The UK economy shrank by 2.4 per cent in the first quarter. Strange, It's never done that before, at least not for more than 50 years, so you would have though the ONS would have noticed. But no, they gave us a figure of 1.9 per cent decline, which has been revised to 2.4 per cent.
OK, that's enough on the ONS. Now for the really bad news. The 2.4 percent decline is the highest quarter on quarter decline in GDP since 1958, and the 4.9 per cent drop year on year is the highest ever recorded. So I guess that makes it a national record.

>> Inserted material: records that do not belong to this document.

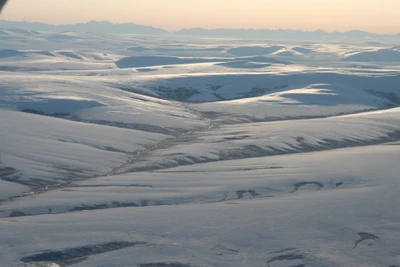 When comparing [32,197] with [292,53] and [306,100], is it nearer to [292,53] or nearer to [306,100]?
[306,100]

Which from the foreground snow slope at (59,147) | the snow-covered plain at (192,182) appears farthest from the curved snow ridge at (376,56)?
the foreground snow slope at (59,147)

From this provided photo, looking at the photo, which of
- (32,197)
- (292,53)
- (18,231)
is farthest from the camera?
(292,53)

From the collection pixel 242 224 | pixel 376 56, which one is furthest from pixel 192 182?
pixel 376 56

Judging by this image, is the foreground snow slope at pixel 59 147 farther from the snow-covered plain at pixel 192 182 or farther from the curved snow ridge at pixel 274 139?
the curved snow ridge at pixel 274 139

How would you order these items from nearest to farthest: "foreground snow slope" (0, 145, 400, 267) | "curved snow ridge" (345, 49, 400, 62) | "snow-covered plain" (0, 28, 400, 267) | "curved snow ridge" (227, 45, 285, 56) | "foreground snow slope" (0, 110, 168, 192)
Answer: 1. "foreground snow slope" (0, 145, 400, 267)
2. "snow-covered plain" (0, 28, 400, 267)
3. "foreground snow slope" (0, 110, 168, 192)
4. "curved snow ridge" (345, 49, 400, 62)
5. "curved snow ridge" (227, 45, 285, 56)

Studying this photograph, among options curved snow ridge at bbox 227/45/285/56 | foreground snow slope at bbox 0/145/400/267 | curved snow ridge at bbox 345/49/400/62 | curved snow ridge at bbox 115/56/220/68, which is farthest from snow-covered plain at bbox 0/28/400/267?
curved snow ridge at bbox 227/45/285/56

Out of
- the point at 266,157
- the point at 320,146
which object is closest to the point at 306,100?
the point at 320,146

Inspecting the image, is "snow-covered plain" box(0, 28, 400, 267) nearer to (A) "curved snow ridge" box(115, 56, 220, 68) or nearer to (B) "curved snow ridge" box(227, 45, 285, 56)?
(A) "curved snow ridge" box(115, 56, 220, 68)

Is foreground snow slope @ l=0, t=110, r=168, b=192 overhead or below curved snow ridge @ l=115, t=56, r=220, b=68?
overhead

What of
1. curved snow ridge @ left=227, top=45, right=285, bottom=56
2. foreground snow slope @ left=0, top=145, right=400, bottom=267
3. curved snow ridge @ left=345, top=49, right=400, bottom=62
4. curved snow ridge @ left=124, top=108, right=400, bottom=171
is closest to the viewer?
foreground snow slope @ left=0, top=145, right=400, bottom=267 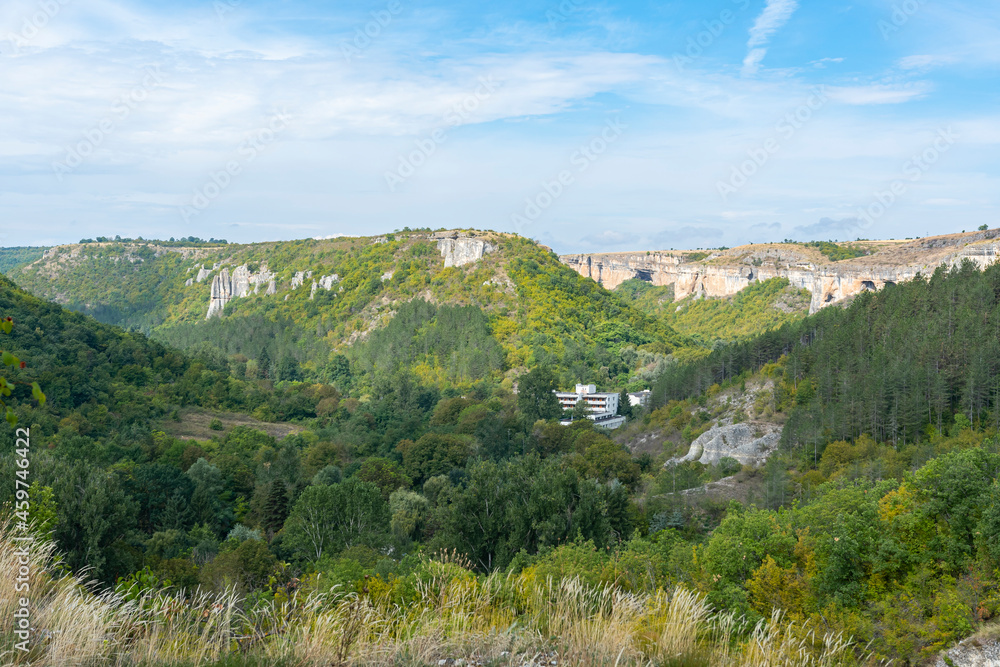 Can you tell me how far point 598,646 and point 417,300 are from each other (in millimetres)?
107011

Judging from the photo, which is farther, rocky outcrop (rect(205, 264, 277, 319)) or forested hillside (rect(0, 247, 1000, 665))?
rocky outcrop (rect(205, 264, 277, 319))

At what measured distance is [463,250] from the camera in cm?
11912

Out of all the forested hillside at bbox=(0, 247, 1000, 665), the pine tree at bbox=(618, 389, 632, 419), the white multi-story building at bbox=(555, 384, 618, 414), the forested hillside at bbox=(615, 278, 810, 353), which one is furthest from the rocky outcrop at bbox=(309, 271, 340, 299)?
the pine tree at bbox=(618, 389, 632, 419)

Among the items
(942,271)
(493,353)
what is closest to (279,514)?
(942,271)

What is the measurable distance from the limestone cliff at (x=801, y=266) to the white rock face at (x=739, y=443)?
28.8m

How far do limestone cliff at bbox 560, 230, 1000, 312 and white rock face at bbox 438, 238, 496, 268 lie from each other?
56.1m

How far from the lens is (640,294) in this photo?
177000 millimetres

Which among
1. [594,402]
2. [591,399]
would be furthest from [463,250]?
[594,402]

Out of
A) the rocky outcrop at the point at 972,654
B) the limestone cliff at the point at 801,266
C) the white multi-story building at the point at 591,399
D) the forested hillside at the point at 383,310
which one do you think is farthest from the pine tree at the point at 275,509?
the limestone cliff at the point at 801,266

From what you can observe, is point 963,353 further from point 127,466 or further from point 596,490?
point 127,466

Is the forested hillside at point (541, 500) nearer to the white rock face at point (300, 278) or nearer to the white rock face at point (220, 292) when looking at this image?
the white rock face at point (300, 278)

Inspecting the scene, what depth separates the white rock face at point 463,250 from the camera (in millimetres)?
117125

But remember folks, it is even worse than it looks. Government spending was still going up at around 5 per cent a year or 1.25 per cent in the quarter, representing, to within the width of a gnat's todger, half of GDP, so that for the whole economy to drop 2.4 per cent, the private sector must have dropped around 6.3 per cent (100%-(97.6%-50%*(1+6%/4))/50% for those who want to do the maths). If that kept up for a whole year would be a 27% decline in the real world economy, which would be a financial crisis of South American proportions.
So much for fiscal stimulus.
In other news, the household saving ratio fell to 3 per cent from 4 per cent in the final quarter of last year, as real disposable incomes dropped by 2.4 per cent.

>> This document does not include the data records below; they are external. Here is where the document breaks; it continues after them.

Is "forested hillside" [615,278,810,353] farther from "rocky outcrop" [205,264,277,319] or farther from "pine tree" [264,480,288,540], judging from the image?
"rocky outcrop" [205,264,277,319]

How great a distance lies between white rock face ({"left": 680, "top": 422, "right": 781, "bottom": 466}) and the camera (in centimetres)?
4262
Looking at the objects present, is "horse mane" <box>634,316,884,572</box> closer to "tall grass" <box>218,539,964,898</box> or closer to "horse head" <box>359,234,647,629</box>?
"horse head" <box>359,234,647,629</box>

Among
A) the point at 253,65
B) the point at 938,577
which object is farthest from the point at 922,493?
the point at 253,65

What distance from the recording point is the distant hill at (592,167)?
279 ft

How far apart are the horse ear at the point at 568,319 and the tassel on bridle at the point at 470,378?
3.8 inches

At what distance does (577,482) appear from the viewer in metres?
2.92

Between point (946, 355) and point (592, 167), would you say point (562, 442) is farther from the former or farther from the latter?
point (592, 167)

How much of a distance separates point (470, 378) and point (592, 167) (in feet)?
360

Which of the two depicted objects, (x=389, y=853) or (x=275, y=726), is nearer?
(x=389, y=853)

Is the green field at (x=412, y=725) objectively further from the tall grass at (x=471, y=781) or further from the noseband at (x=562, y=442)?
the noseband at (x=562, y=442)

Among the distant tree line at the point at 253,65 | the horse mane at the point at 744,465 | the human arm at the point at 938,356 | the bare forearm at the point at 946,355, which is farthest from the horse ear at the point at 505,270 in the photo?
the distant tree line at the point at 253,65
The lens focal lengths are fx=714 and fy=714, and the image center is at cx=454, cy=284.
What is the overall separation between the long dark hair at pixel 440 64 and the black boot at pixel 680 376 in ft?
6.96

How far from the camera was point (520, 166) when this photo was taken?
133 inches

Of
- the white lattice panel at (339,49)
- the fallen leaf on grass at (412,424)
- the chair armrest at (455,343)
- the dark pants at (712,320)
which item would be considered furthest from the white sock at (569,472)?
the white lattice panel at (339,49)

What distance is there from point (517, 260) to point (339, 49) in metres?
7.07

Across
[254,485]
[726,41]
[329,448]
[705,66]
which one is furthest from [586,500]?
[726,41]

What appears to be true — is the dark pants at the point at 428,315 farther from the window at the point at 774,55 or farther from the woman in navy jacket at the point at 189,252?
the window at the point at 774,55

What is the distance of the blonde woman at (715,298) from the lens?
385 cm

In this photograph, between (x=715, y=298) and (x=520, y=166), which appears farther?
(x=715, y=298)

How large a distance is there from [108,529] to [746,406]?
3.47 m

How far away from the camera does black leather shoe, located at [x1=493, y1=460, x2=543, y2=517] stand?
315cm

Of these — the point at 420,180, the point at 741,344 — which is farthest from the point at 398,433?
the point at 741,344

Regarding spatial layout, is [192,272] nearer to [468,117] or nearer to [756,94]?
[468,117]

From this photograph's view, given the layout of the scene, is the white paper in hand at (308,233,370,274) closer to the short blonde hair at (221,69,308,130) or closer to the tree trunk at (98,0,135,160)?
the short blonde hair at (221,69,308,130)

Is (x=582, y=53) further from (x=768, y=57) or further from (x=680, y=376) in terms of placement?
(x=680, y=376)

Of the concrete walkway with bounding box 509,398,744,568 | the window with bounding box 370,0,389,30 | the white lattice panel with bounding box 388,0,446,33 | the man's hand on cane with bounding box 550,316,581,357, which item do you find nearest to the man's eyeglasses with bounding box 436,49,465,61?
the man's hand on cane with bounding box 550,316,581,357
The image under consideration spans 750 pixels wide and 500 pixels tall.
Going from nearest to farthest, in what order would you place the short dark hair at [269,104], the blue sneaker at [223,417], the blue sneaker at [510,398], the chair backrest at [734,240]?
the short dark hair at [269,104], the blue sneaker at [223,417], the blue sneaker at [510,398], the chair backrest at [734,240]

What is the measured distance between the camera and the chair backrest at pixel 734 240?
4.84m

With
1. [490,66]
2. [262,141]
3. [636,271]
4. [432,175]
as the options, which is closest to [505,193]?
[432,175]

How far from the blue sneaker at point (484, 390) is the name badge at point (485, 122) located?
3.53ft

Business investment fell by 7.1 per cent during the quarter, reflecting the fact that nobody wants to put money into a country that is efectively bust and will have to tax the living daylights out of the population to pay off its debts.
But the good news is that cash is so tight we have stopped spending so the balance of payments has improved with the current account deficit coming in at £8.5 billion in the quarter after £8.8 billion in the last quarter of 2008.